Au total, le président-candidat a fait un meeting national, cinq déplacements et une série d'interviews en cinq semaines de campagne alors que ses 11 adversaires sillonnent la France depuis des mois. Il a aussi effectué vendredi matin une courte visite impromptue sur un marché de Neuilly à la sortie de son entretien à RTL.

"C'est un fait, je suis rentré encore plus tard (dans la campagne) que je ne l'aurais voulu", a-t-il reconnu, en expliquant avoir été empêché par la pandémie et le début de l'invasion de l'Ukraine par la Russie.

"La guerre a changé la donne et bouleversé le programme de campagne initial", explique un cadre de la majorité. La priorité a été donnée aux multiples appels que le chef de l’État a passé à Vladimir Poutine, Volodymyr Zelensky ou ses homologues européens, et aux sommets internationaux décidés dans l'urgence en février et mars.
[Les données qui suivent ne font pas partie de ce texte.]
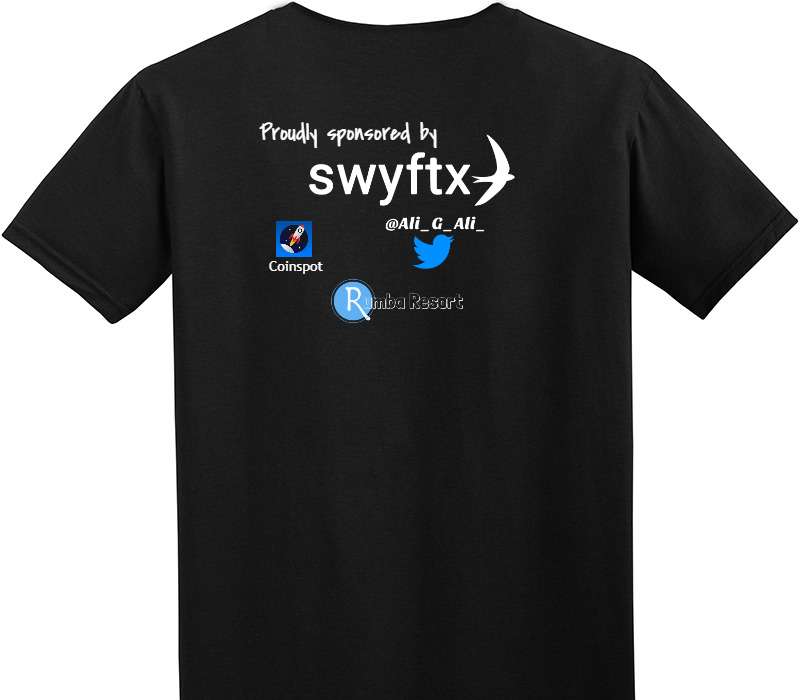 Custom Adult Soft Style 100% Cotton Black T-Shirt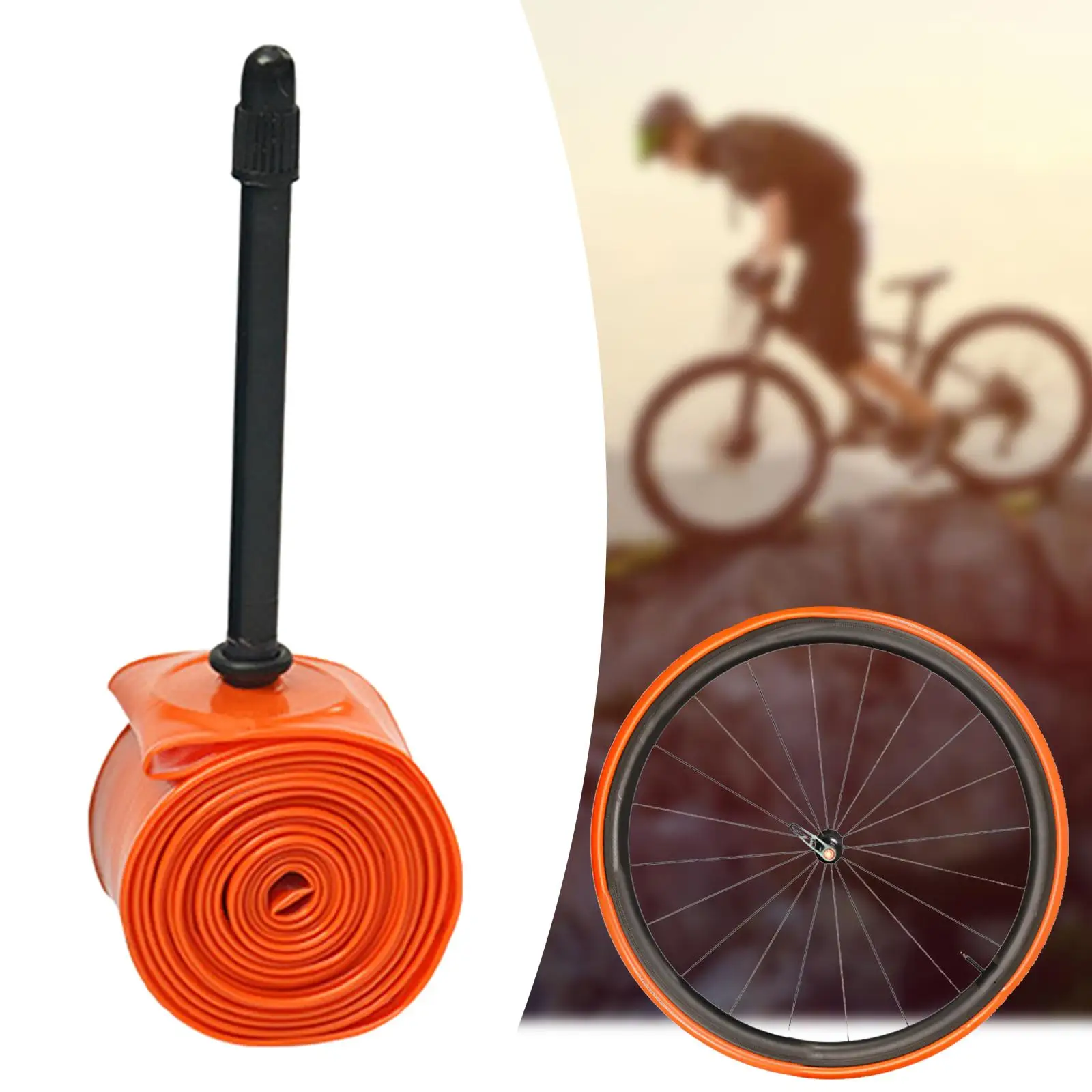 Bicycle Inner Tube Bike Tires thermoplastic Polyurethane 700C Road Bike Tubes for MTB City Bikes Bike Bicycle Tire Kids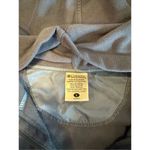 Columbia  full zip hooded fleece jacket size large in blue base layer outerwear Photo 4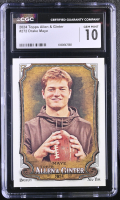 Drake Maye 2024 Topps Allen & Ginter #272 RC (CGC 10) at PristineAuction.com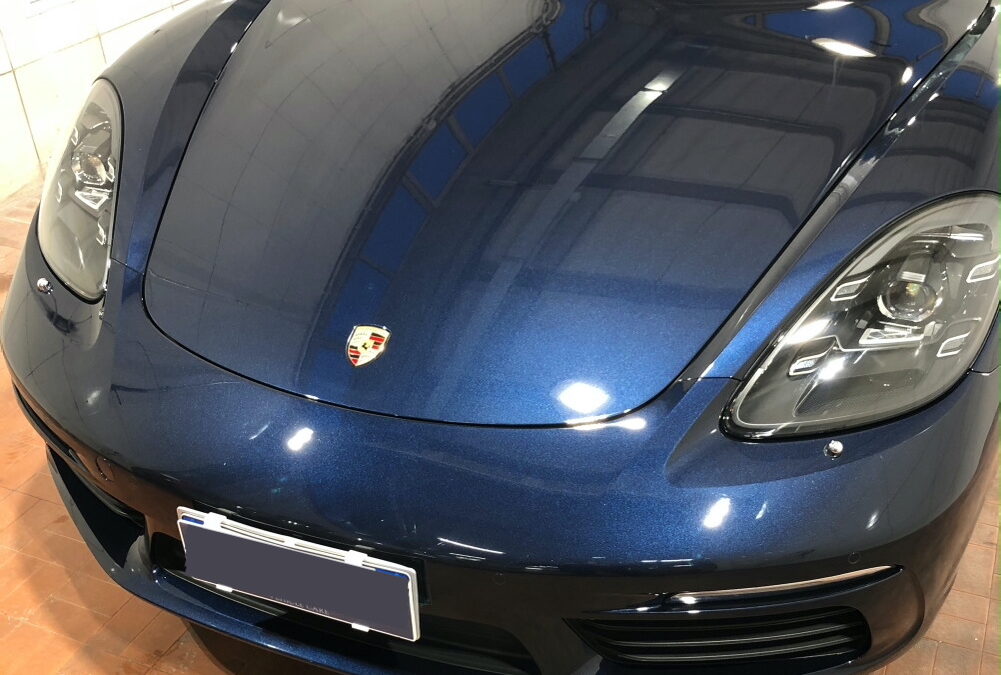 Porsche 718 – Full Detailing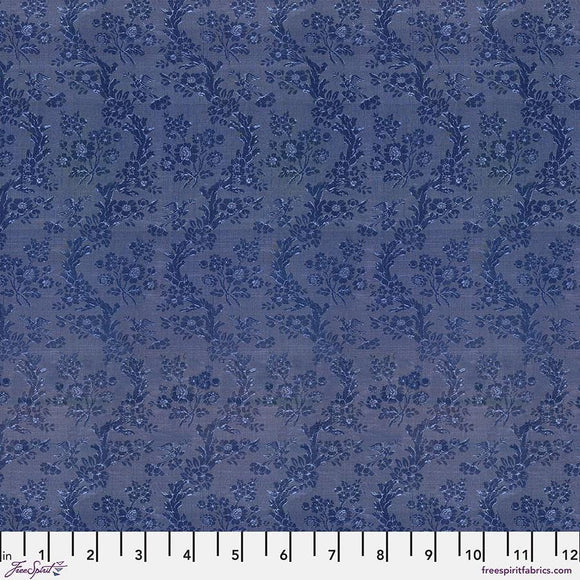 Tim Holtz Palette - Indigo Tapestry || Indigo Collection || Free Spirit Fabrics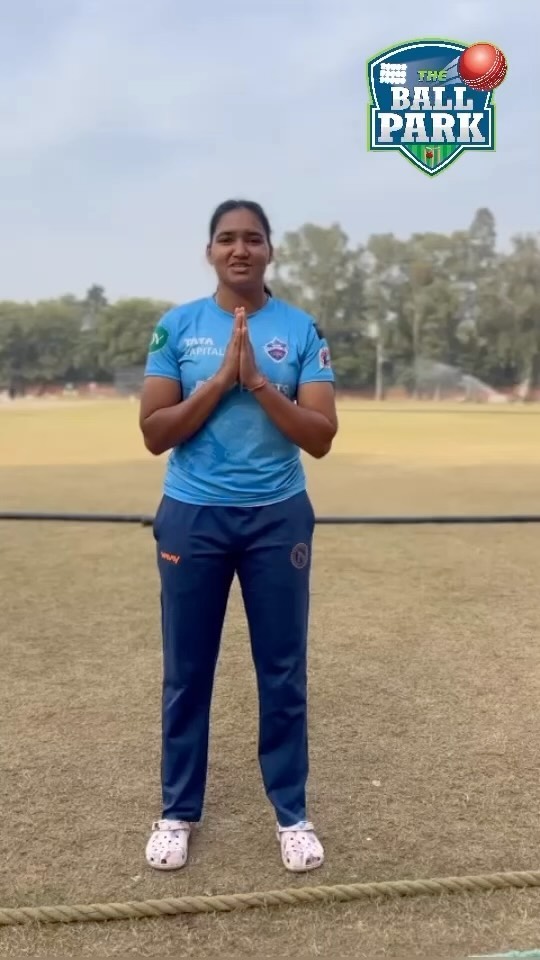 Ashwani Kumari (Delhi Capitals WPL) at The BallPark!
#wpl #womenscricket #weolayatballpark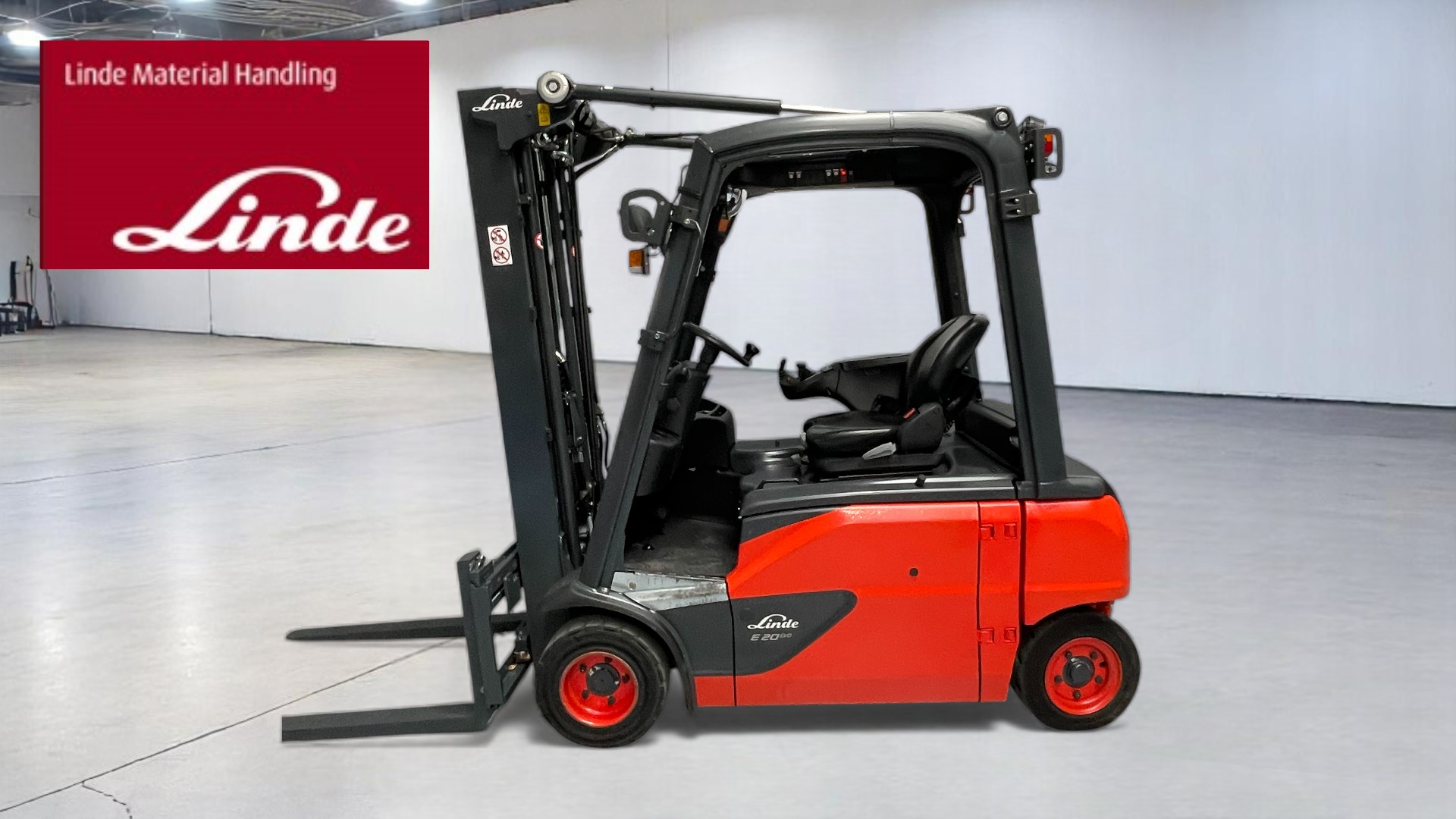 Used Linde E 20 PL - 2016 - 2650 hrs use Used Linde E 20 PL - 2016 - 2650 hrs use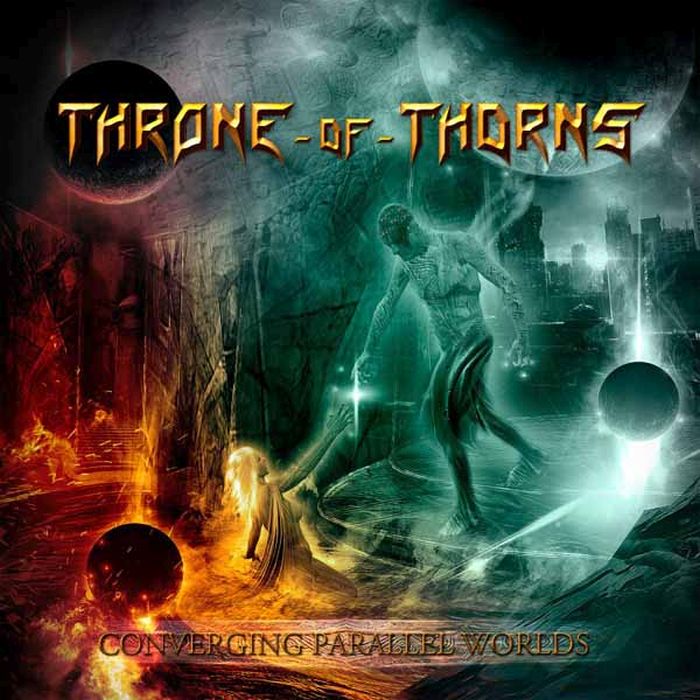 Throne Of Thorns - Converging Parallel Worlds - CD - New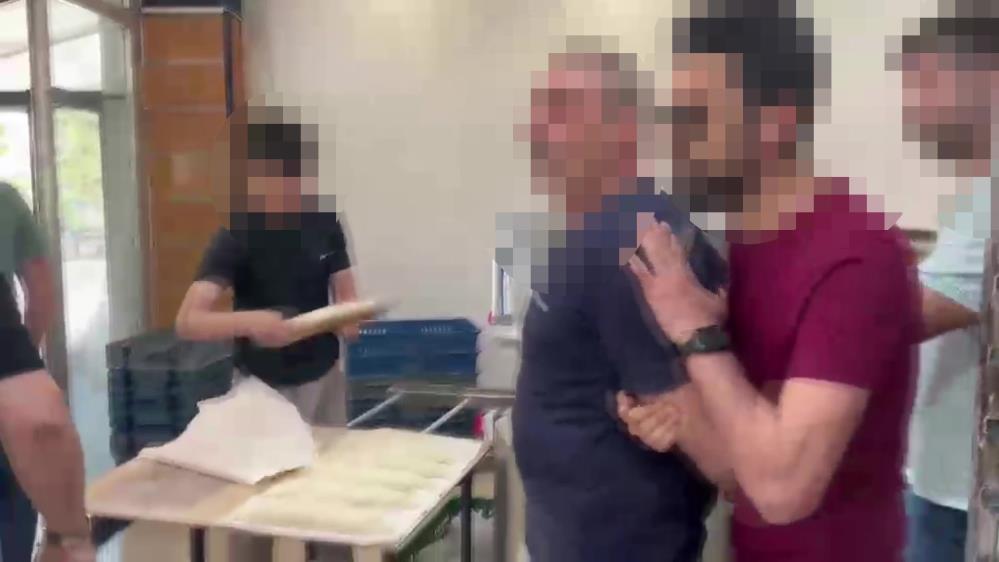 8 ayrı suçtan aranan ve 24 yıl hapis cezası bulunan firari ekmek fırınında yakalandı
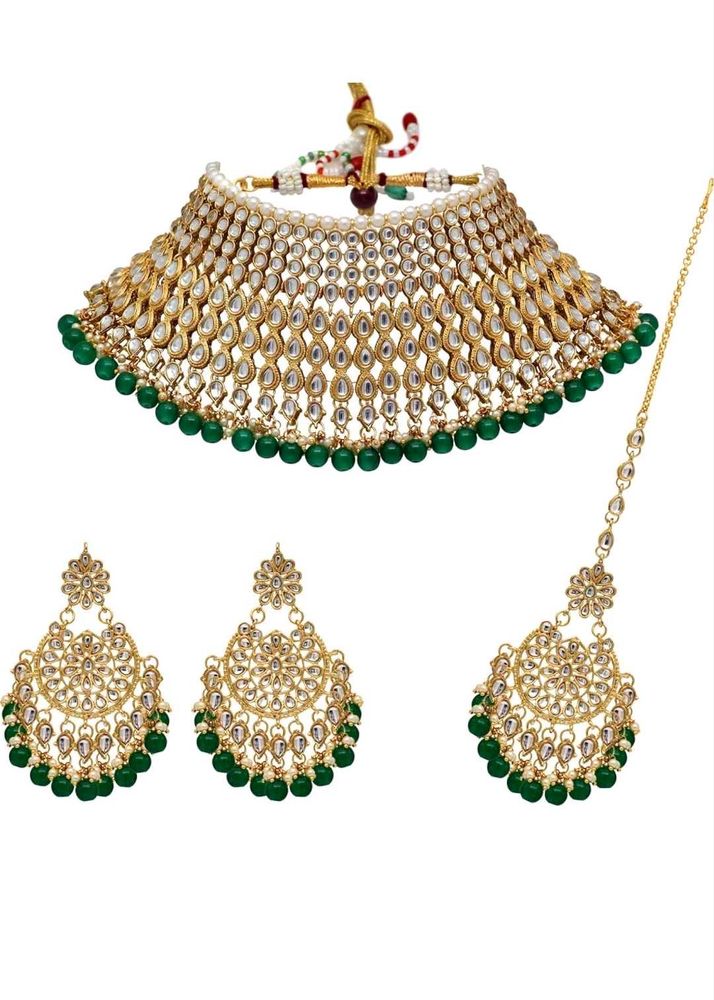 Elegant Gold-Tone Jewelry Set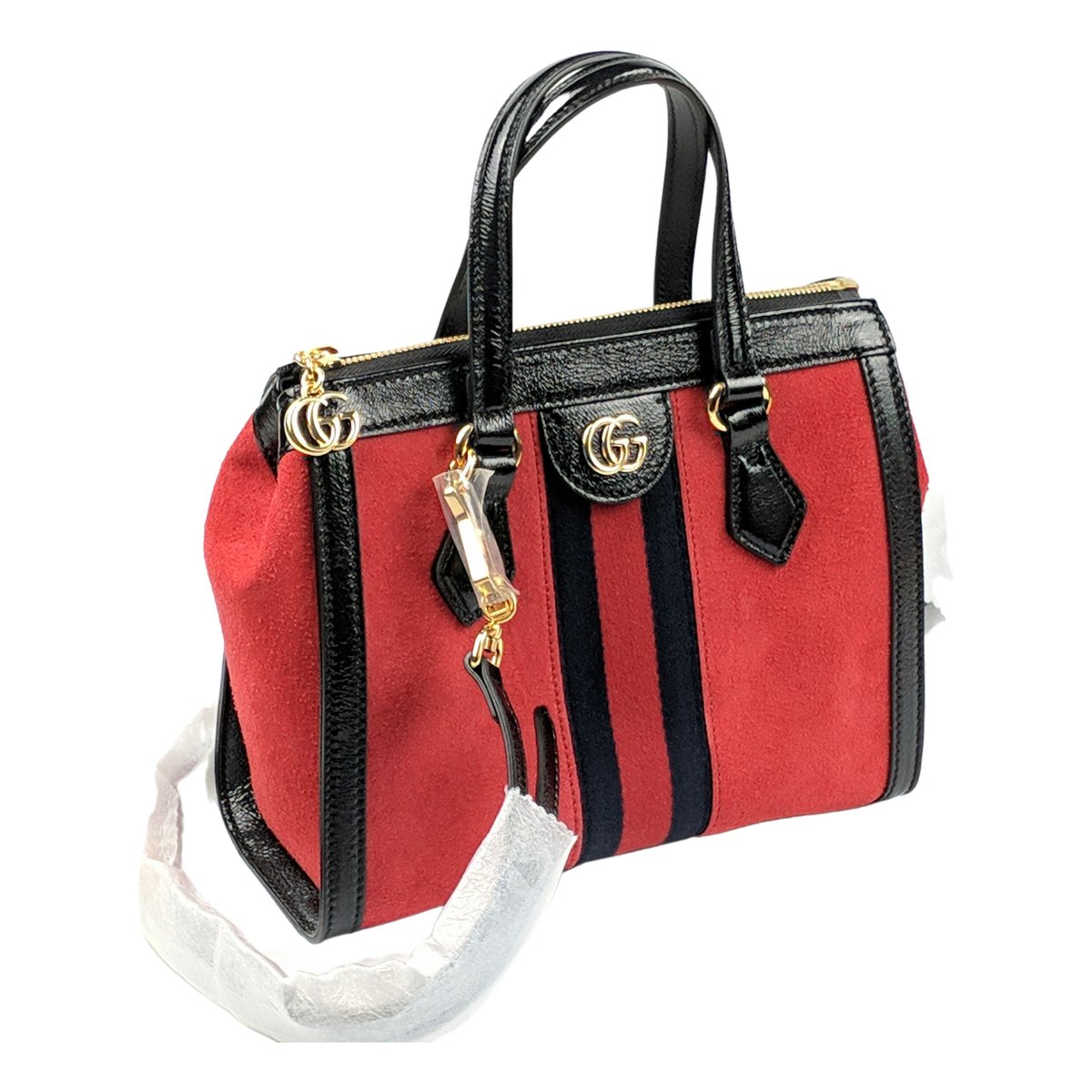 Ophidia leather satchel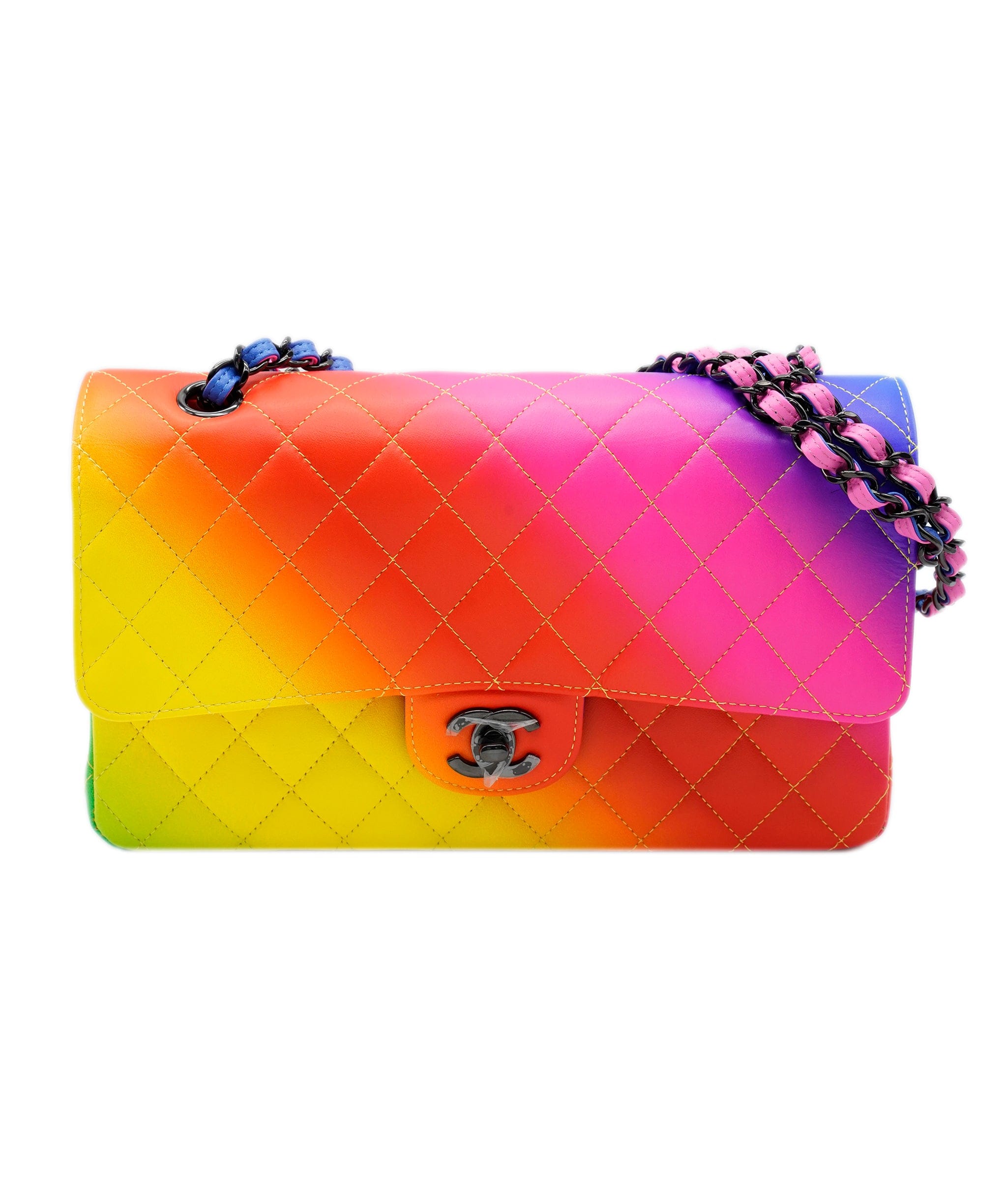 Multi color chanel bag Clearance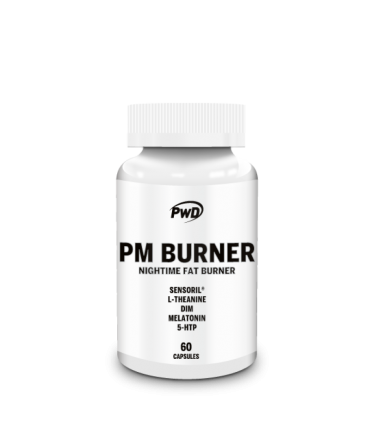 Pm Burner 60 Caps. Pwd Nutrition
Dans les sondages, Emmanuel Macron a d'abord profité de ce contexte de crise mais "il est sur une tendance baissière continue depuis trois semaines avec la fin de +l'effet drapeau+ autour de l'Ukraine", note Vincent Martigny, professeur de Science politique à l'université de Nice et chercheur associé au Cevipof-Sciences Po.

Face aux critiques l'accusant d'enjamber le premier tour, un conseiller de la campagne de Macron reconnaît que "dès le début notre stratégie a été qu'il serait au deuxième tour et que la vraie campagne démarrerait" alors.

"Le premier tour, ce n'est pas un affrontement. Ce sont des candidats qui présentent leurs projets. Puis, après, c'est le débat et, là, il y a la castagne", insiste d'ailleurs Emmanuel Macron dans Le Parisien. 

En cas d'un nouveau duel avec la candidate du RN, Vincent Martigny souligne que "les dynamiques seraient différentes" par rapport à 2017: "la polarisation se portait alors sur Marine Le Pen contre laquelle il fallait faire barrage. Elle pourrait aujourd'hui se focaliser sur le président sortant qui suscite des +affects négatifs+ très forts".

"Juste dire +no pasaran+ ne marchera pas cette fois", concède un conseiller de la majorité. En indiquant qu'Emmanuel Macron avait conseillé à ses ministres d'attaquer Marine le Pen "sur son programme plutôt que seulement sur les valeurs".